Obama to limit targets of drones

White House admits 4 Americans killed in strikes by U.S.

WASHINGTON - President Barack Obama plans to open a new phase in the nation’s long struggle with terrorism today by restricting the use of unmanned drone strikes that have been at the heart of his national security strategy and shifting control of them away from the CIA to the military, according to people briefed on White House plans.

In his first major speech on counter terrorism of his second term, Obama hopes to refocus the epic conflict that has defined U.S. priorities since the attacks of Sept. 11, 2001, and even foresees an unspecified day when the so called war on terror might all but end, the people said.

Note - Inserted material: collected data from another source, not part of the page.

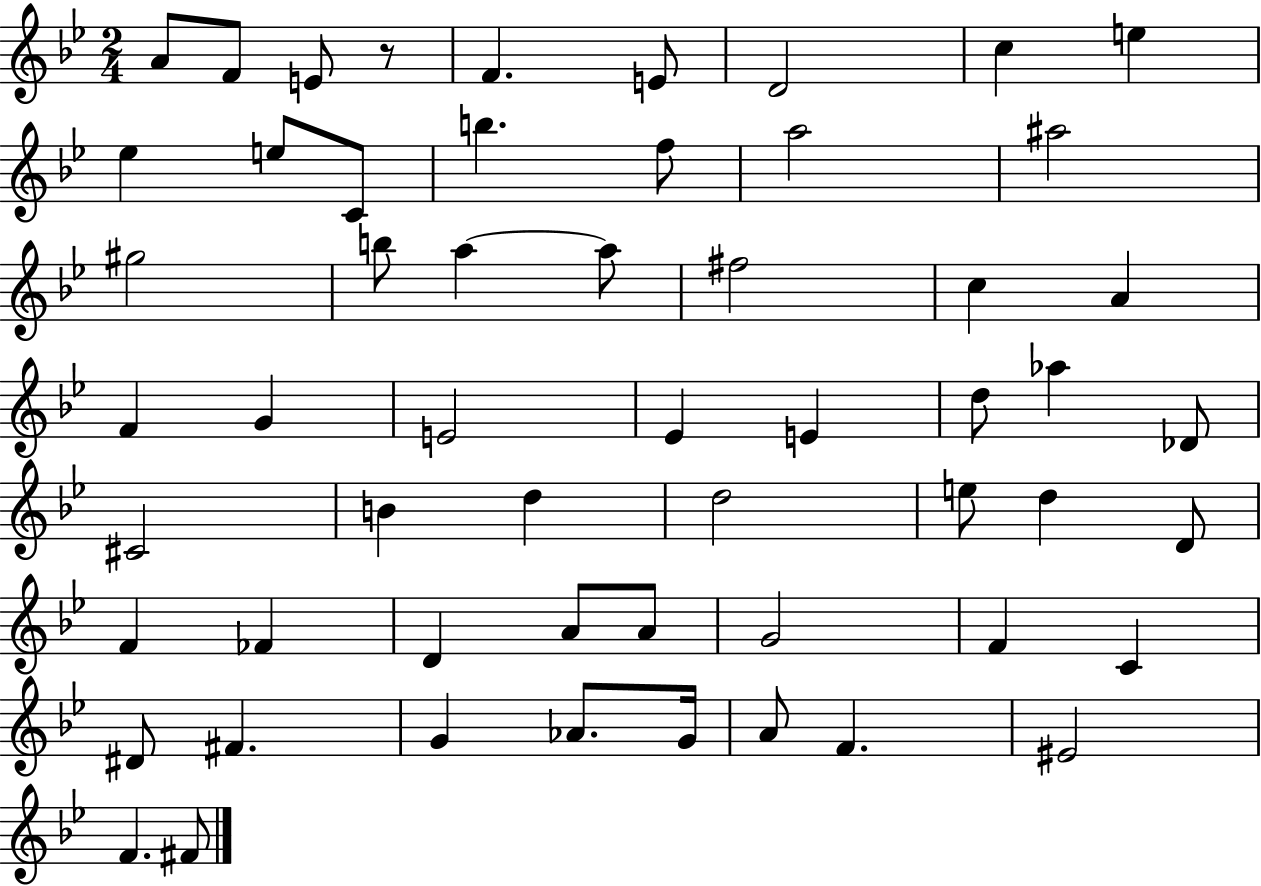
A4/e F4/e E4/e R/e F4/q. E4/e D4/h C5/q E5/q Eb5/q E5/e C4/e B5/q. F5/e A5/h A#5/h G#5/h B5/e A5/q A5/e F#5/h C5/q A4/q F4/q G4/q E4/h Eb4/q E4/q D5/e Ab5/q Db4/e C#4/h B4/q D5/q D5/h E5/e D5/q D4/e F4/q FES4/q D4/q A4/e A4/e G4/h F4/q C4/q D#4/e F#4/q. G4/q Ab4/e. G4/s A4/e F4/q. EIS4/h F4/q. F#4/e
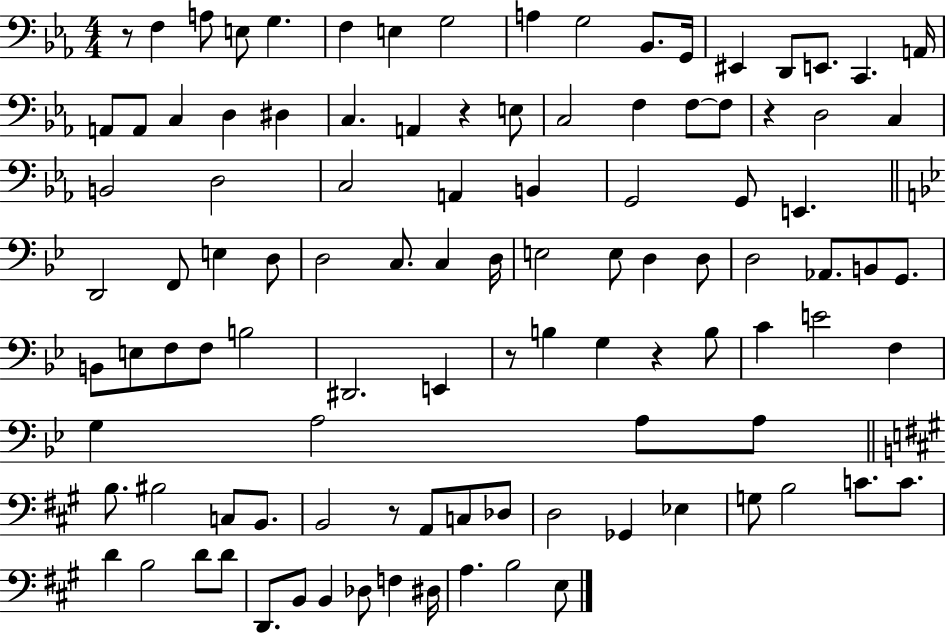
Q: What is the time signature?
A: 4/4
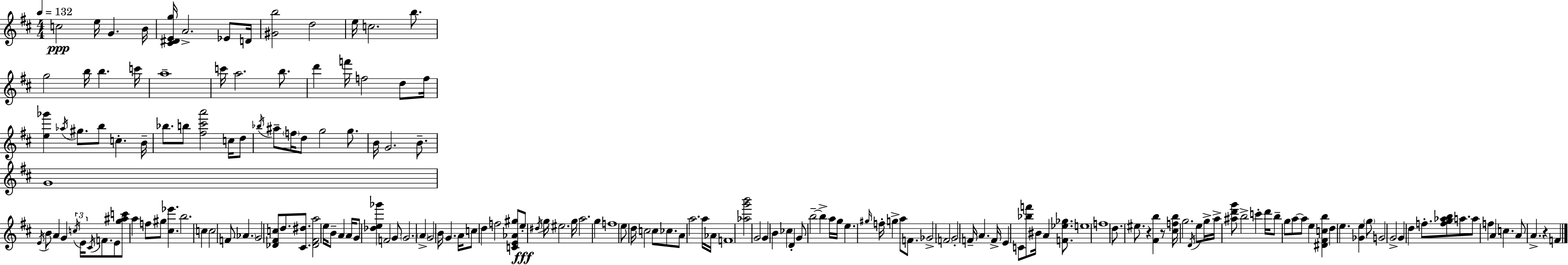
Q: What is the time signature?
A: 4/4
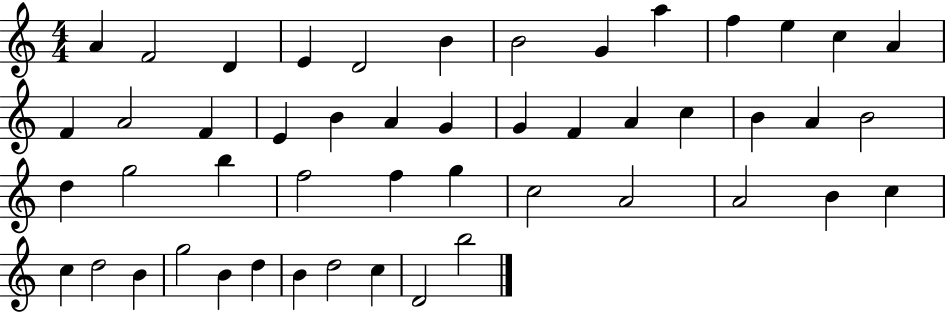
{
  \clef treble
  \numericTimeSignature
  \time 4/4
  \key c \major
  a'4 f'2 d'4 | e'4 d'2 b'4 | b'2 g'4 a''4 | f''4 e''4 c''4 a'4 | \break f'4 a'2 f'4 | e'4 b'4 a'4 g'4 | g'4 f'4 a'4 c''4 | b'4 a'4 b'2 | \break d''4 g''2 b''4 | f''2 f''4 g''4 | c''2 a'2 | a'2 b'4 c''4 | \break c''4 d''2 b'4 | g''2 b'4 d''4 | b'4 d''2 c''4 | d'2 b''2 | \break \bar "|."
}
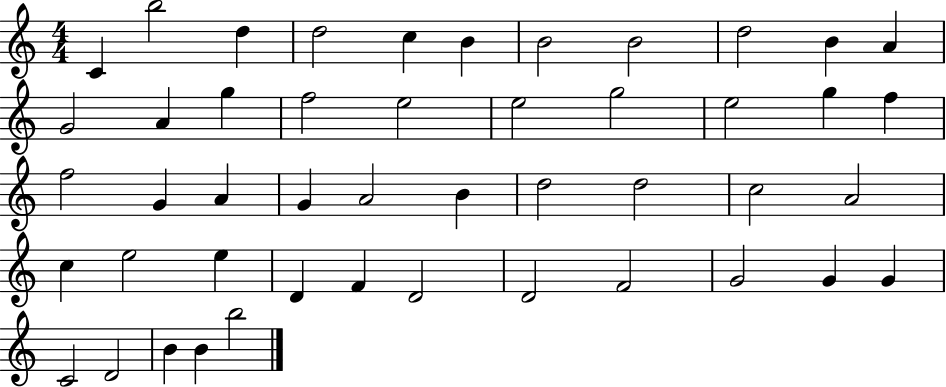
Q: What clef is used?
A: treble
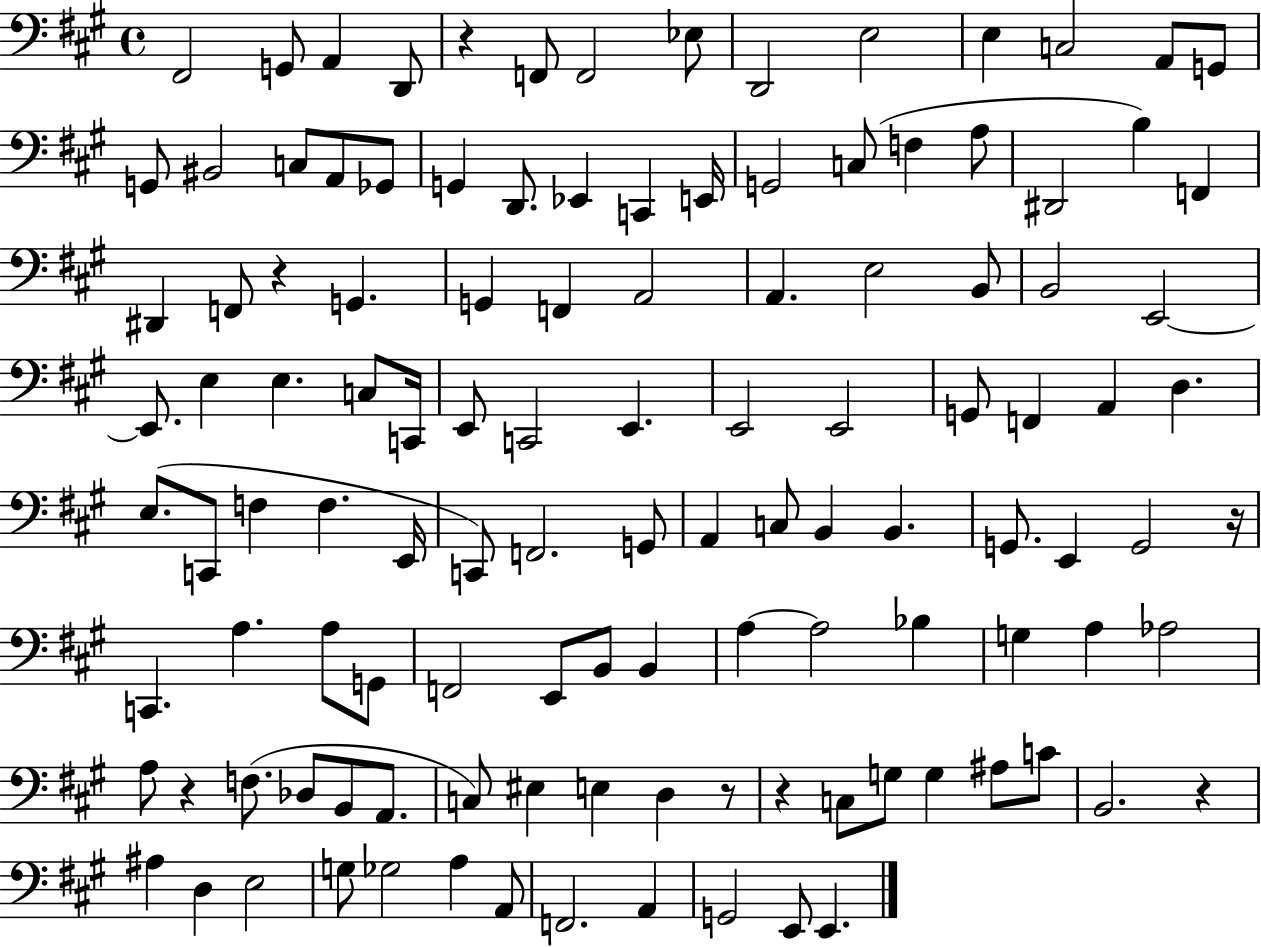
{
  \clef bass
  \time 4/4
  \defaultTimeSignature
  \key a \major
  \repeat volta 2 { fis,2 g,8 a,4 d,8 | r4 f,8 f,2 ees8 | d,2 e2 | e4 c2 a,8 g,8 | \break g,8 bis,2 c8 a,8 ges,8 | g,4 d,8. ees,4 c,4 e,16 | g,2 c8( f4 a8 | dis,2 b4) f,4 | \break dis,4 f,8 r4 g,4. | g,4 f,4 a,2 | a,4. e2 b,8 | b,2 e,2~~ | \break e,8. e4 e4. c8 c,16 | e,8 c,2 e,4. | e,2 e,2 | g,8 f,4 a,4 d4. | \break e8.( c,8 f4 f4. e,16 | c,8) f,2. g,8 | a,4 c8 b,4 b,4. | g,8. e,4 g,2 r16 | \break c,4. a4. a8 g,8 | f,2 e,8 b,8 b,4 | a4~~ a2 bes4 | g4 a4 aes2 | \break a8 r4 f8.( des8 b,8 a,8. | c8) eis4 e4 d4 r8 | r4 c8 g8 g4 ais8 c'8 | b,2. r4 | \break ais4 d4 e2 | g8 ges2 a4 a,8 | f,2. a,4 | g,2 e,8 e,4. | \break } \bar "|."
}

As part of the shift in approach, the administration Wednesday formally acknowledged for the first time that it had killed four U.S. citizens in drone strikes outside the battlefields of Afghanistan and Iraq, arguing that its actions were justified by the danger to the United States. Obama approved providing new information to Congress and the public about the rules governing his attacks on al-Qaida and its allies.

A new classified policy guidance signed by Obama will sharply curtail the instances when unmanned aircraft can be used to attack in places that are not overt war zones, countries like Pakistan, Yemen and Somalia, the people briefed on the plans said. The rules will impose the same standard for strikes on foreign enemies now used only for U.S. citizens deemed to be terrorists.

Lethal force will be used only against targets who pose “a continuing, imminent threat to Americans” and cannot feasibly be captured, Attorney General Eric H. Holder Jr. said in a letter to Congress, suggesting that threats to a partner like Afghanistan or Yemen alone would not be enough to justify being targeted.

In the speech he will give today at the National Defense University, Obama is also expected to renew his long stalled effort to close the prison at Guantanamo Bay, Cuba.

Yet even as he moves the counter terrorism effort to a next stage, Obama plans to offer a robust defense of a continued role for targeted killings, a policy he has generally addressed only in passing or in interviews rather than in a comprehensive speech, a White House official said.

The CIA, which has overseen the drone war in the tribal areas of Pakistan and elsewhere, will generally cede its role to the military after a six-month transition period as forces draw down in Afghanistan, officials said.

Drone strikes have already been decreasing in the past few years as targets have been killed and opposition has grown. John Brennan, the new CIA director, has been eager to shift the agency more toward espionage, intelligence gathering and analysis and away from the paramilitary mission it has adopted since Sept. 11.

In his letter to congressional leaders, Holder confirmed the administration had deliberately killed Anwar al-Awlaki, a radical Muslim cleric who died in a strike in September 2011 in Yemen. Holder also wrote that U.S. forces had killed three other Americans who “were not specifically targeted.”

The U.S. involvement in al-Awlaki’s death has been widely reported, but the administration until now had refused to confirm it.

Likewise, Holder confirmed the government’s role in the deaths of Samir Khan, who was killed in the same strike, and al-Awlaki’s son, Abdulrahman al-Awlaki, who died in another strike. The letter disclosed the death of a fourth American named Jude Kenan Mohammad but gave no further details.

Holder defended the actions, saying they were consistent with U.S. law and taken only after careful consideration. “Based on generations-old legal principles and Supreme Court decisions handed down during World War II, as well as during the current conflict, it is clear and logical that United States citizenship alone does not make such individuals immune from being targeted,” he wrote.

Critics disagreed.

“The Obama administration continues to claim authority to kill virtually anyone anywhere in the world under the ‘global battlefield’ legal theory and a radical redefinition of the concept of imminence,” said Zeke Johnson of Amnesty International. “President Obama should reject these concepts in his speech tomorrow and commit to upholding human rights, not just in word but in deed.”